##### Records provided #####
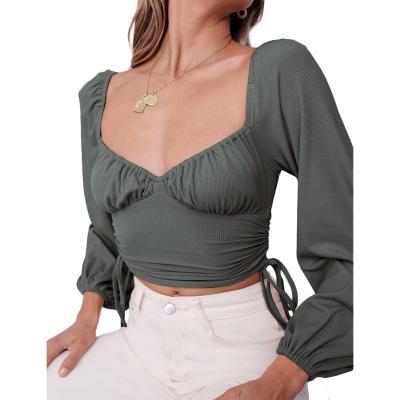 China Anti-pilling Women's Anti-pilling Drawstring Top Sleeve Top Sleeve Crop Lantern Square Neck Y2K Bardot Blouse Y2K Long Ribbed Shirts for sale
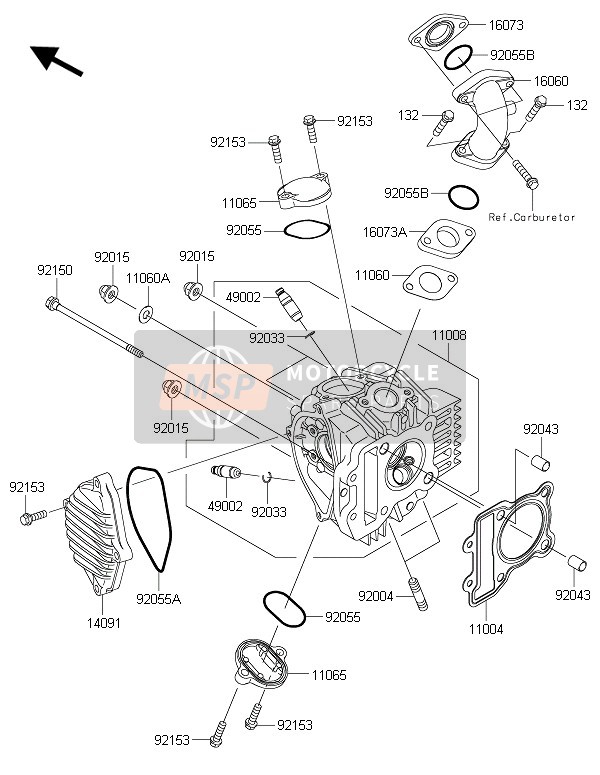 Kawasaki KLX110 2016 Testata per un 2016 Kawasaki KLX110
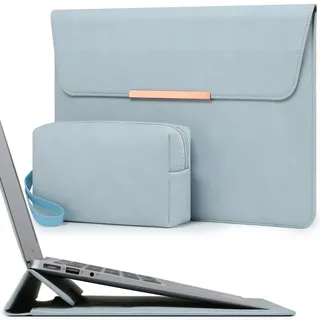HYZUO 15-16 Zoll Laptophülle Laptop Hülle Tasche mit Ständer für MacBook Pro 16 M5/M4/M3/M2/M1 Pro/Max A3428 A3429 2026-2019, MacBook Pro 15 2015-2012, XPS 15, HP Envy 15,6, Blass Blau(Smiley)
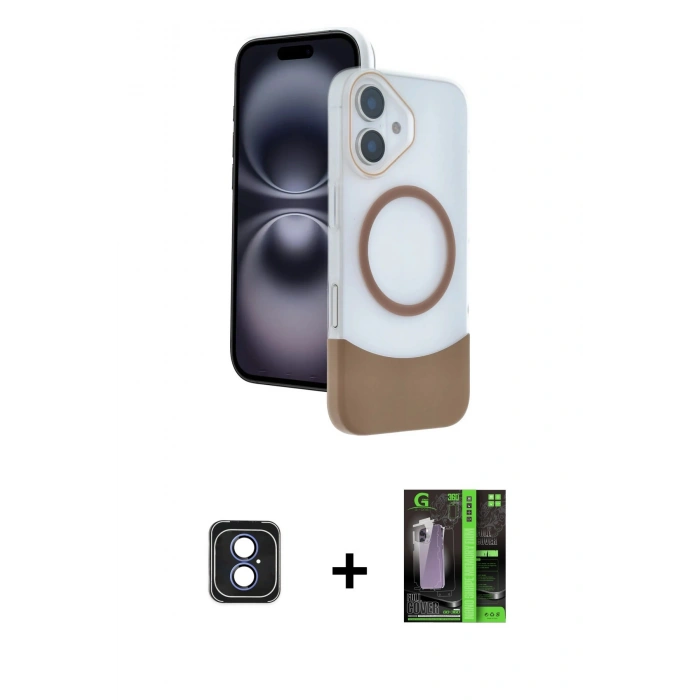 MARSİLYAN™- iPhone 16 Kılıf Kozmos Form Özel Seri - Şeffaf 360 Full Body Arka Koruyucu + PVD Metal Kamera Lens - MI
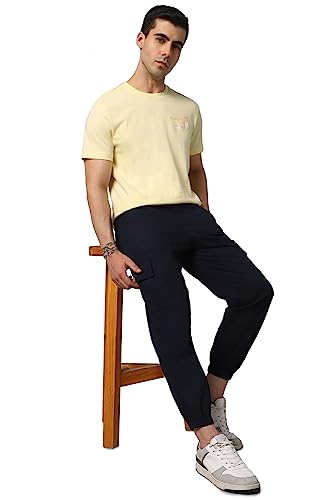 Image of Hubberholme Men's Regular Fit Cotton Trousers, Ankle Length Button Closure Elasticated Waist Cargo Joggers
#####
*What needs to be done*: Skip every picture and return the lines above from the top through the one that contains "Kawasaki KLX110 2016".

*Output of the task*:
 China Anti-pilling Women's Anti-pilling Drawstring Top Sleeve Top Sleeve Crop Lantern Square Neck Y2K Bardot Blouse Y2K Long Ribbed Shirts for sale
 Kawasaki KLX110 2016 Testata per un 2016 Kawasaki KLX110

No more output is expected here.